His baptismal name, James, he exchanged for Maurus when he entered the order. On 23 April, 1656, he took vows at the English Benedictine Lamspringe Abbey near Hildesheim, in Germany, and returned to England as missionary in 1665. Being accused by Titus Oates of implication in the Popish Plot, he was imprisoned in Newgate Prison, but was acquitted of treason by a London jury, 18 July, 1679. Hereupon he was arraigned for being a priest and sentenced to death, 17 January, 1680. Through influential friends he was granted a reprieve and detained in Newgate. While thus confined he is said in some reports to have converted more than a thousand Protestants to Catholicism.

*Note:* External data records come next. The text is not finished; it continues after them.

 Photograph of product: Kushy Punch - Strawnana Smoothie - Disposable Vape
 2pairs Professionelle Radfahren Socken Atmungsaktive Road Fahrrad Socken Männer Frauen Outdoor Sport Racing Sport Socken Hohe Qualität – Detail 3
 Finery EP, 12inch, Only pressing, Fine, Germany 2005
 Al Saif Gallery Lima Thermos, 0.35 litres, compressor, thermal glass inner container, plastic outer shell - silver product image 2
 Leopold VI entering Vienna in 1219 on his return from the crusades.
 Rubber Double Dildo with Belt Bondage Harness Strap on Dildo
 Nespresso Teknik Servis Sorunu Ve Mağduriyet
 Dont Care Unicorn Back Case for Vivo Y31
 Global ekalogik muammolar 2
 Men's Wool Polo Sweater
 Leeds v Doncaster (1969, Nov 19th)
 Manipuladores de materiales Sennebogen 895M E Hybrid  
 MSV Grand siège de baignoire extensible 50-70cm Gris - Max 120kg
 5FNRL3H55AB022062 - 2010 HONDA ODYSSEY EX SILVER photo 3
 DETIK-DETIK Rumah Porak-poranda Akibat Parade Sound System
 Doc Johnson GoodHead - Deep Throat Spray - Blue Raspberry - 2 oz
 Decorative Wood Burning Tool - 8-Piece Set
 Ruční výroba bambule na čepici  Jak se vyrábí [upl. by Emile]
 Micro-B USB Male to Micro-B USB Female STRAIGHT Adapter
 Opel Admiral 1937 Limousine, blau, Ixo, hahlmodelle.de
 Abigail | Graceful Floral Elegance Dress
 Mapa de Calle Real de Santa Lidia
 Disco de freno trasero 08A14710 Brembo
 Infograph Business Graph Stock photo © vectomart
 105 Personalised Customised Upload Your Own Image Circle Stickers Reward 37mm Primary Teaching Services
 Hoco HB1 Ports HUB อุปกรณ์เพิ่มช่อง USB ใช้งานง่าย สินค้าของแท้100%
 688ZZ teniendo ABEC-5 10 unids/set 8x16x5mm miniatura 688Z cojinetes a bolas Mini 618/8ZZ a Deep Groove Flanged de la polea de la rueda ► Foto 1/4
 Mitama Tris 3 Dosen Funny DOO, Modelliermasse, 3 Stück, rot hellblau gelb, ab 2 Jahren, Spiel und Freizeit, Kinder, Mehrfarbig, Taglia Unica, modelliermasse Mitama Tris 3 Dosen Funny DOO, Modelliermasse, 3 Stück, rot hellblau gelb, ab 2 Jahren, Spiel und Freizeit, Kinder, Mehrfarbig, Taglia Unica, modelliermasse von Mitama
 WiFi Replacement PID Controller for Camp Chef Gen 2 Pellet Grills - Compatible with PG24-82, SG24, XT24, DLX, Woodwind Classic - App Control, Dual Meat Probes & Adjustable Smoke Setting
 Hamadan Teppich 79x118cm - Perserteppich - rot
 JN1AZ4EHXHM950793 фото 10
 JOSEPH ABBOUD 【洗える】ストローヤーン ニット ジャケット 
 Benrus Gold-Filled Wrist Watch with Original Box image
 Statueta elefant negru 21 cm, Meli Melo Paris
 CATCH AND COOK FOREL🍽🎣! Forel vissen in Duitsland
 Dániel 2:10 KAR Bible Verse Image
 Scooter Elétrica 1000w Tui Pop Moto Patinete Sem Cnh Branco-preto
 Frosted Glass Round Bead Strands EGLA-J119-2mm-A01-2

One of his fellow-prisoners at Newgate was Oliver Plunkett, Archbishop of Armagh, with whom he formed a close friendship, and whom he prepared for his execution, which took place on 15 June, 1681. Some correspondence which was carried on in prison between these two was later published. On the accession of James II of England in 1685, Father Corker was released and kept at the court as resident ambassador of Prince-Bishop Ferdinand of Bavaria, the Elector of Cologne. In 1687 he erected the little convent of St. John at Clerkenwell, where religious services were held for the public, but which was destroyed by a mob, 11 November, 1688, during the Glorious Revolution. Father Corker himself was obliged to seek refuge on the continent. In 1691 he was made Abbot of Cismar Abbey near Lübeck and, two years later, of Lamspringe, where he had made his religious profession. In 1696 he resigned as abbot and returned to England to continue his missionary work. He is the author of various pamphlets proving the innocence of those condemned for implication in the "Popish Plot".